14 Sep 2022
One of the most well-loved names in para sports will today announce his retirement at the University of the Sunshine Coast, while launching a sporting legacy for athletes to come.
Professor Brendan Burkett OAM is announcing the UniSC Para Sports Hub, which recognises the existing facilities, expertise, quality coaching and athletic strength at the university, and formalises it in the build-up to the Paralympic and Olympic Games in 2032.
The hub has been endorsed by senior representatives at Paralympics Australia, Sporting Wheelies and Disabled Association, and the Queensland Academy of Sport.
“UniSC has been excelling in para sport excellence for more than a decade.

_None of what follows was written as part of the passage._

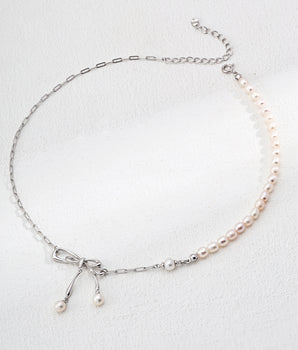 Amélie Bow Pearl Chain Necklace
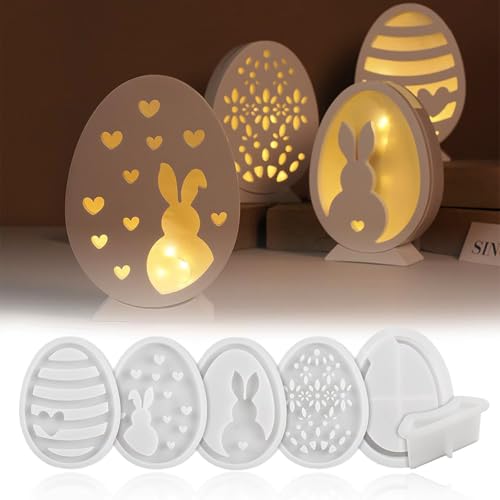 Silikonformen Gießformen Ostern 6 Stück, Silikonform Ostern Hase Silikon Gießform Ostern 3D Silikonform Osterei Gipsformen zum Gießen Osternhase Epoxidharz Formen Silikon Giessformen für Handwerk von TLDNZXY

We have the knowledge, the staff, the skills and desire to make it succeed,” said Professor Burkett, who is also stepping down as UniSC’s High Performance Sport Director.
“Today we are formalising our commitment at UniSC to create a national one-stop-shop for athlete development, where athletes gain the support, facilities, mentorship, expertise and services they need to succeed.”
“Accessibility has been a cornerstone of UniSC. But it’s important to remember that creating the right environment is more than installing elevators and operable doors.”
Professor Burkett said the hub would further strengthen the university’s research and teaching in the field of adaptive sports, plus form a key engagement tool with the International Paralympic Committee, with the 2032 Paralympics around the corner.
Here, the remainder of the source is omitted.